- Born: August 18, 1911 Smyrna, Ottoman Empire
- Died: October 21, 1999 (aged 88) New York City, United States
- Occupation: Luthier

= Manouk Papazian =

Armenian-American luthier (1911-1999)

Manouk Papazian (August 18, 1911 – October 21, 1999) was an Armenian-American luthier. He came from Smyrna (now İzmir) in what was then the Ottoman Empire.

==Biography==
Manouk Papazian was born to an Armenian family in Smyrna, on August 18, 1911. At the time, Smyrna was a diverse city on the Aegean coast. His family fled the Armenian genocide and escaped to Thessaloniki in 1922. Papazian did well academically; outside of school, he took violin lessons, designed rugs, and drew pictures. He worked for a furniture business owned by his brother.

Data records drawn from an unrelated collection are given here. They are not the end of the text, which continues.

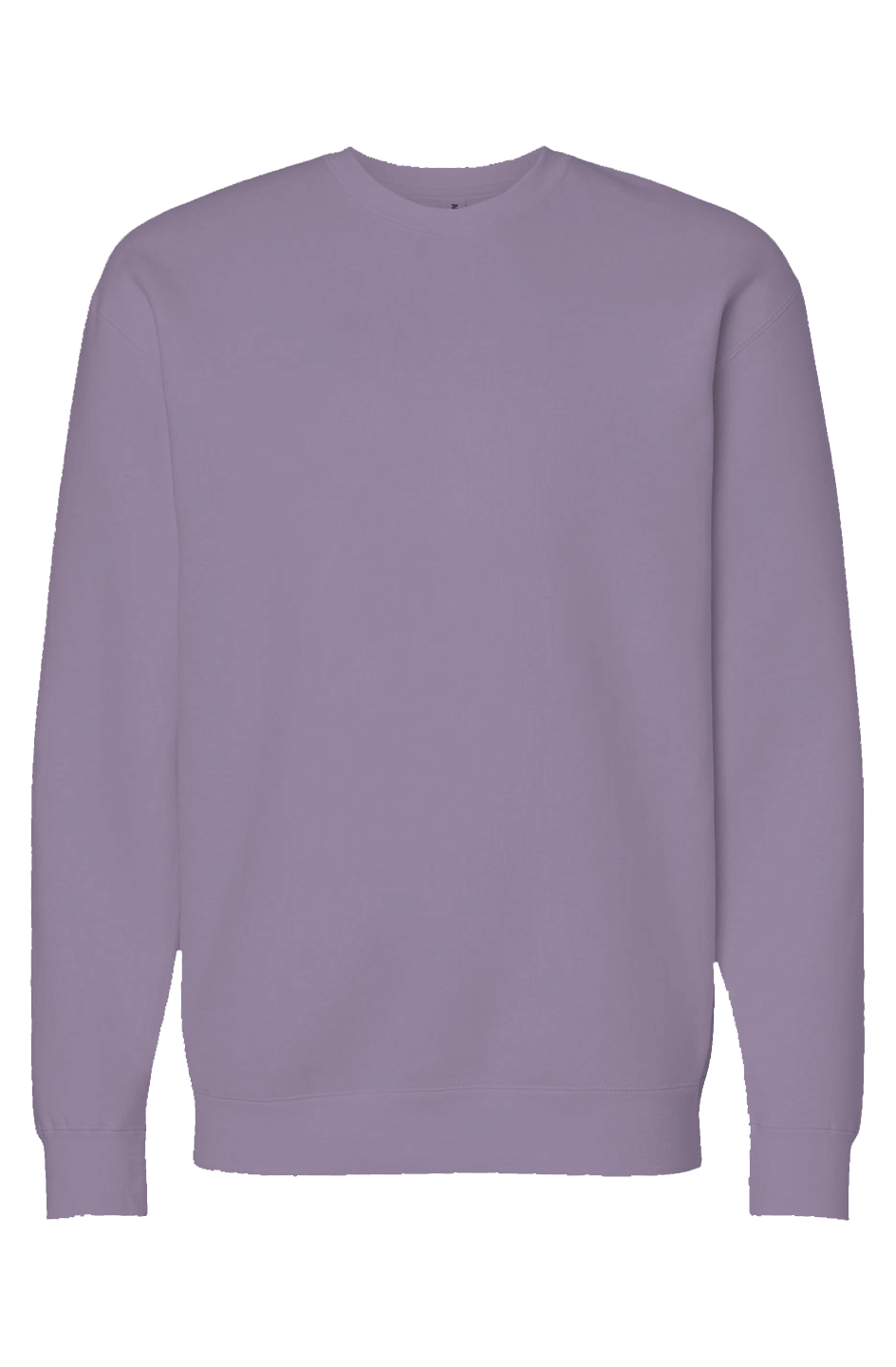Heavyweight Crewneck Sweatshirt
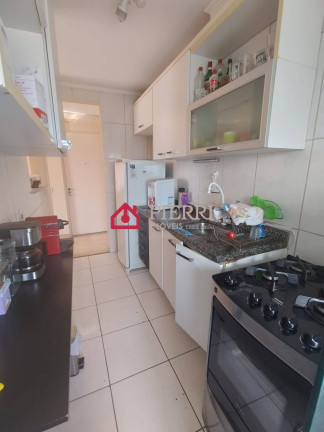 Imagem Apartamento com 2 Quartos à Venda, 52 m² em Conjunto Residencial Vista Verde - São Paulo Imagem Apartamento com 2 Quartos à Venda, 52 m² em Conjunto Residencial Vista Verde - São Paulo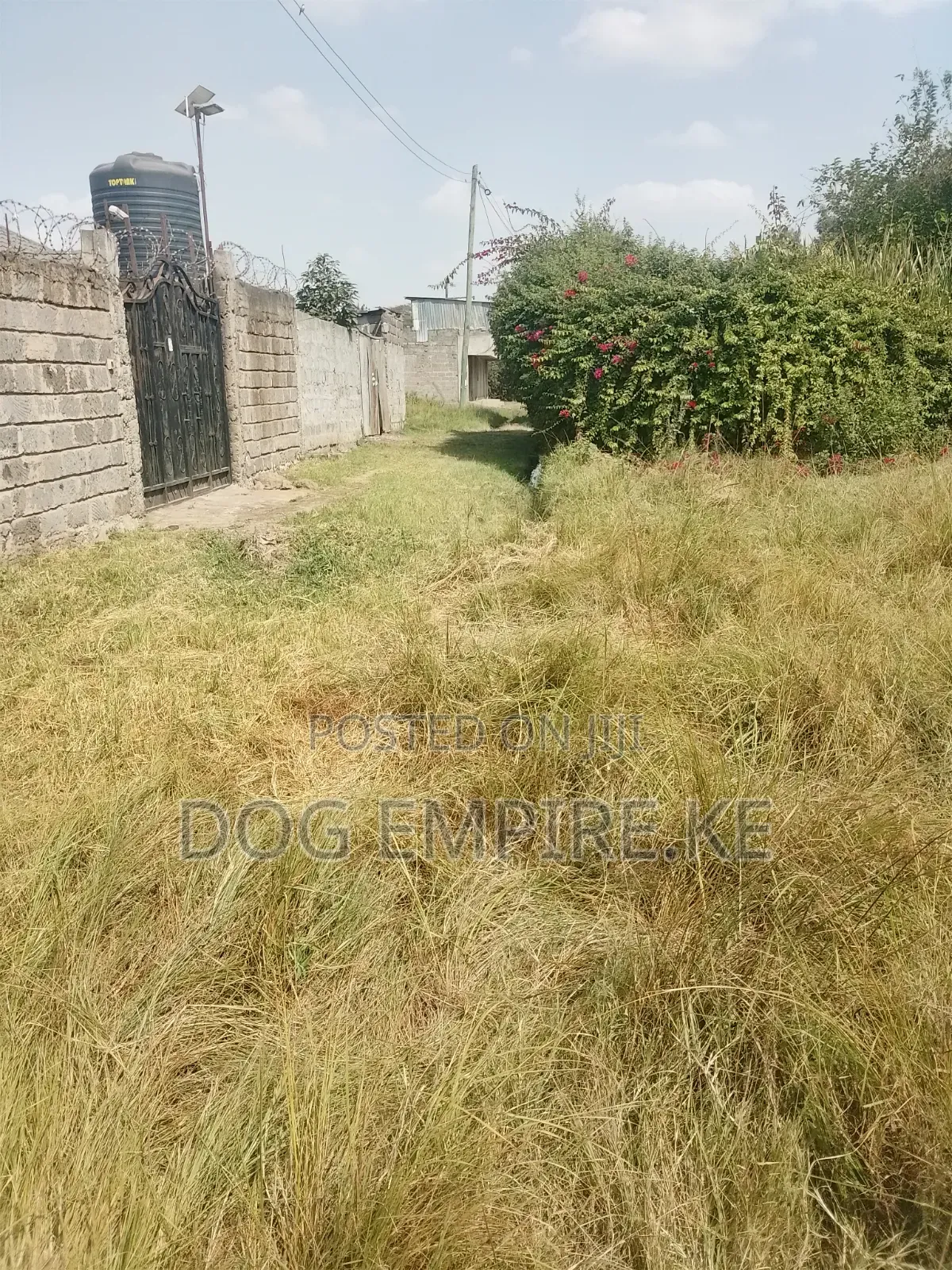 Land for Sale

After World War II, Papazian emigrated to Buenos Aires, Argentina. It was there that he began his career as a luthier. He made a variety of instruments, including guitars, by copying wholesale models. He moved again in 1956 to New York, where his older brother lived. Papazian opened his own workshop, specializing in guitar design. He built some 900 guitars over the course of his career, and he also created ouds, lutes, archlutes, violins, vihuelas, and cellos. Papazian admired the work of French luthier Francois Tout. He retired in 1981 and became a United States citizen two years later.

Manouk Papazian died in New York City on October 21, 1999.